Ed ancora più impressionante è il contributo che le industrie operanti tra Roma e “ex” provincia, danno alle guerre di Erdogan: basti pensare che solo nel primo semestre del 2019, secondo i dati ISTAT da qua sono stati esportati 39 dei 46 milioni di euro in armi e munizioni da guerra esportati dal paese in Turchia e 124 milioni di euro di componenti per aeromobili e aerospazio. Sistemi cosiddetti “dual-use” e che potrebbero essere usati per scopi militari. Solo che non abbiamo diritto a saperlo…Eppure l’Italia era all’avanguardia nel controllo dell’esportazione di armi verso paesi dove si violano i diritti umani e di fa la guerra. La legge 185/90 era considerata un fiore all’occhiello, per poi essere nel tempo snaturata e svuotata di forza: l’Italia può così esportare armi ai paesi NATO, come la Turchia, e non è tenuta a rendere pubblici i dati delle banche che sostengono le esportazioni, o i dettagli delle imprese che esportano. Cosi munizioni e bombe sofisticate a puntamento laser per carri armati potevano partire dalla Simmel di Colleferro, Leonardo spedisce componenti elettroniche e co-produce cannoni navali, mentre MBDA firma-joint venture per produrre missili con la Turchia.

E ancora Leonardo (ex-Finmeccanica)  può collaborare nell’assemblaggio in loco di micidiali elicotteri d’assalto Mangusta , mentre dagli stabilimenti in Italia partono pezzi di ricambio e si assicura la manutenzione.
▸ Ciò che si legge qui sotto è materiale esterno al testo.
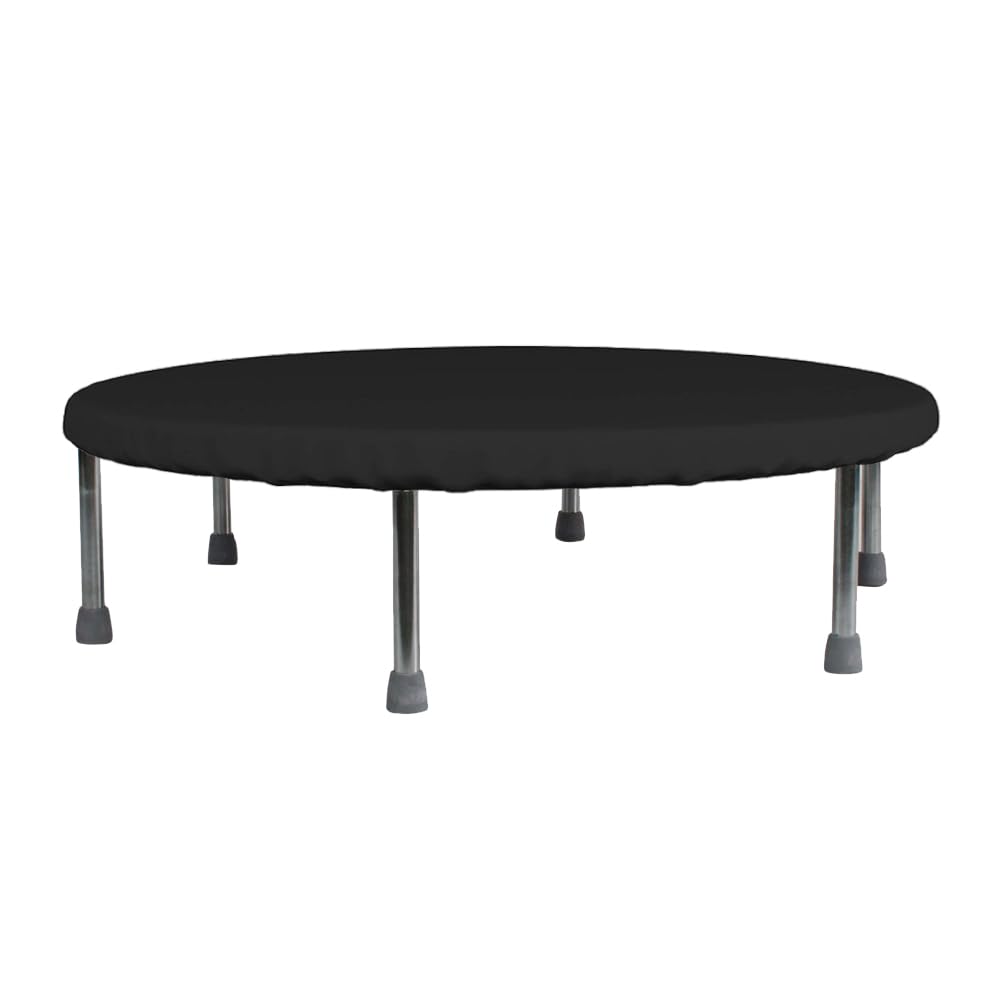 COOSOO Trampoline Cover Mini Trampoline Cover Waterproof protective cover for Trampoline Indoor Outdoor Garden Rebounder (Not Spring Cover) (Black, 48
Il nostro paese è anche presente dal giugno 2016 con un contingente NATO in Turchia alla missione NATO Active Fence, per il supporto ad un sistema missilistico per la difesa aerea, con 130 militari italiani e una batteria di missili Samp/T dell’Esercito italiano nella base militare di Kahramanmaraş, nei pressi del confine con la Siria. . Il missile Samp/T viene costruito dal consorzio Eurosam al quale partecipa anche MBDA, con sede appunto nella Tiburtina Valley. L’Italia inoltre partecipa a esercitazioni congiunte con le forze armate turche, come nel caso dell’”Anatolian Eagle” che dal 17 al 28 giugno 2019, ha addestrato il personale delle forze armate turche con l’obiettivo di rafforzare le relazioni militari tra i Paesi partecipanti (tra cui, oltre la Turchia, Giordania, Pakistan, Qatar, Stati Uniti, Azerbaigian). Ecco le cifre dell’ipocrisia. E quando l’ipocrisia e la complicità degli stati, della loro realpolitik, prende il sopravvento sull’umanità e la giustizia, l’unica via sarà quella di un embargo popolare, “dal basso”. Come quello praticato stamattina.